---------- Material to process
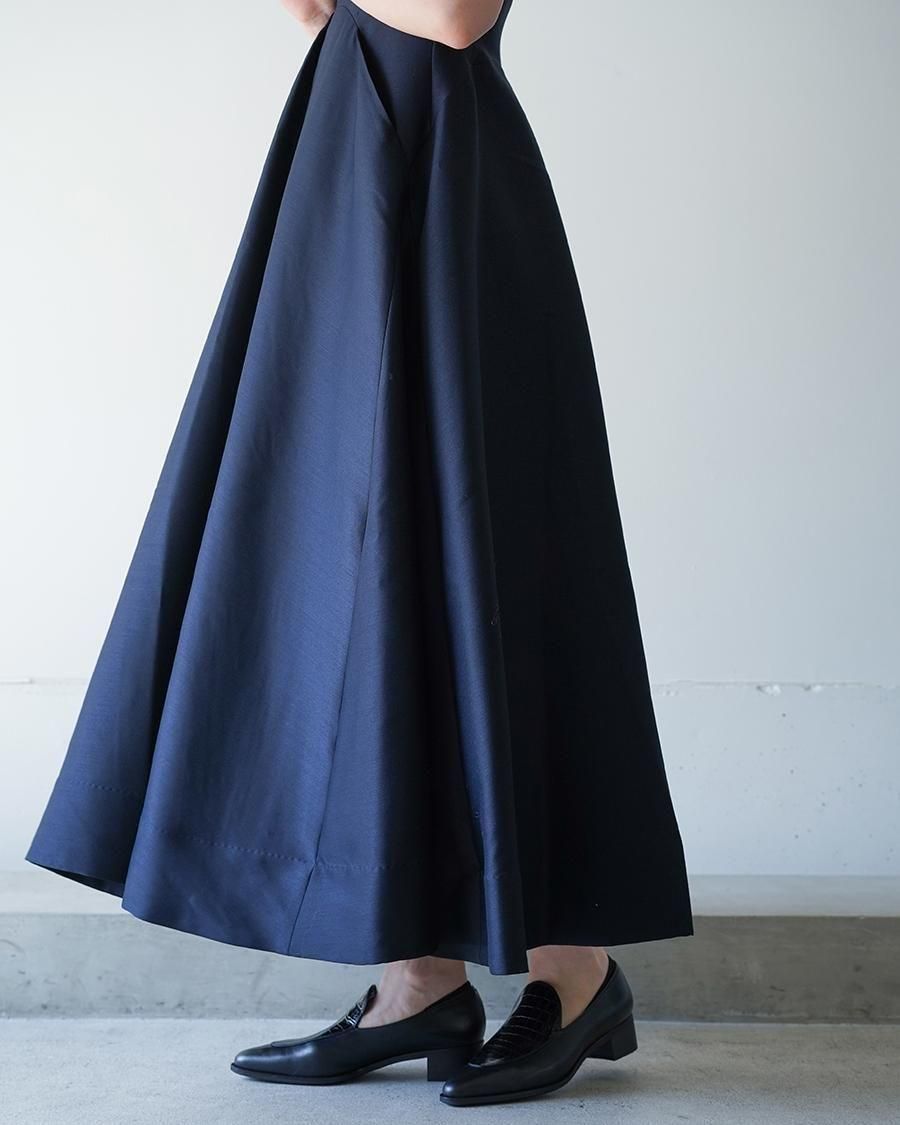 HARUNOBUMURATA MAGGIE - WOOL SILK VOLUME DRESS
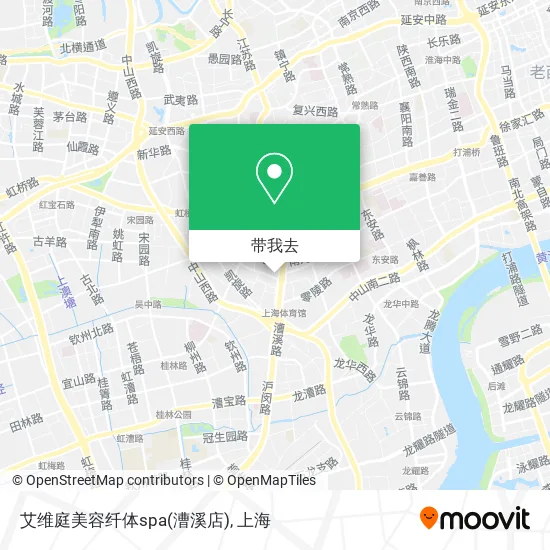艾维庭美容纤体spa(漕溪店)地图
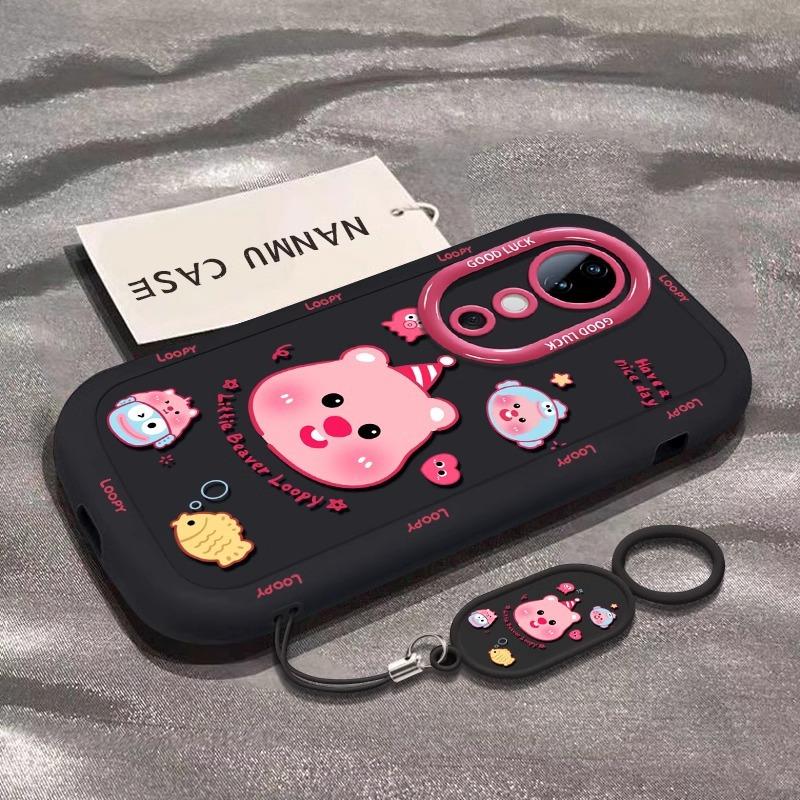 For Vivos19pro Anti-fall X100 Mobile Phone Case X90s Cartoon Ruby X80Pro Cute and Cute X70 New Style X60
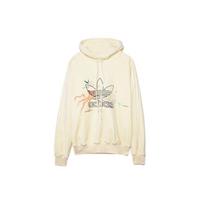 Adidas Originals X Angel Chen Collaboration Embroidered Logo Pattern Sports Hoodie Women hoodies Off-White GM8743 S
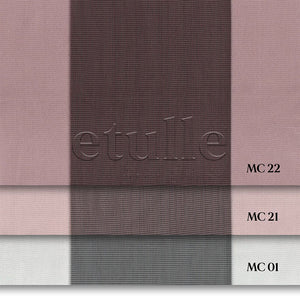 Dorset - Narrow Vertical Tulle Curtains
--------------------
---------- Material to process
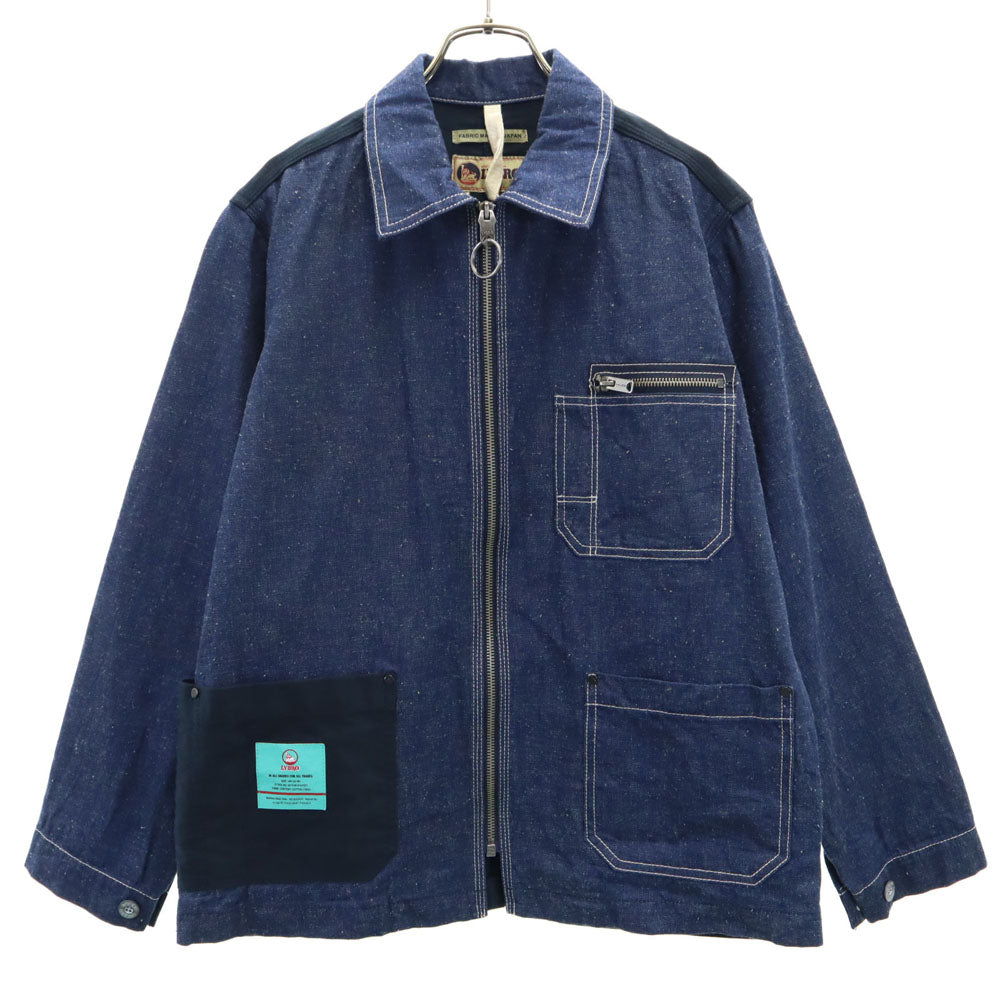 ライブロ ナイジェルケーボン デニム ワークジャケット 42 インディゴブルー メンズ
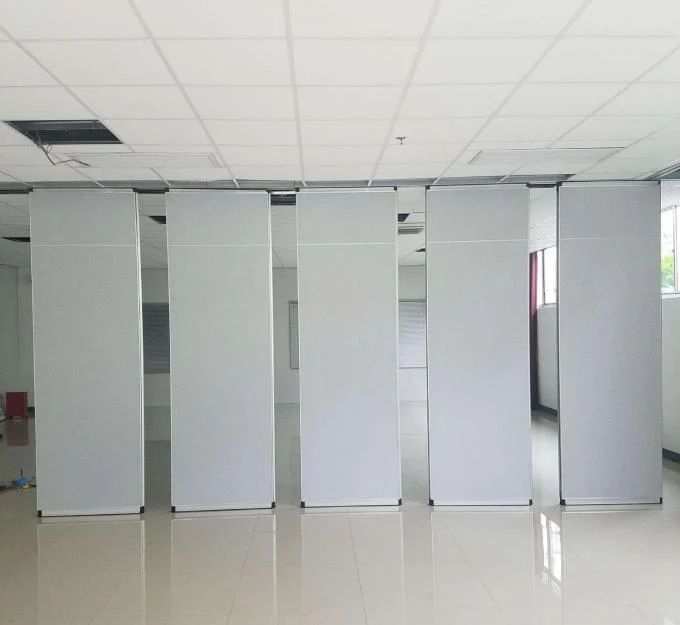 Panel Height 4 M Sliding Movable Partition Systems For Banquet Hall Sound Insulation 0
--------------------
| Task to carry out |
Exactly the lines starting at the one above with "For Vivos19pro Anti-fall" and ending at the one with "Dorset - Narrow Vertical Tulle Curtains" should be printed, and nothing else. Omit the pictures.

| Task solution |
 For Vivos19pro Anti-fall X100 Mobile Phone Case X90s Cartoon Ruby X80Pro Cute and Cute X70 New Style X60
 Adidas Originals X Angel Chen Collaboration Embroidered Logo Pattern Sports Hoodie Women hoodies Off-White GM8743 S
 Dorset - Narrow Vertical Tulle Curtains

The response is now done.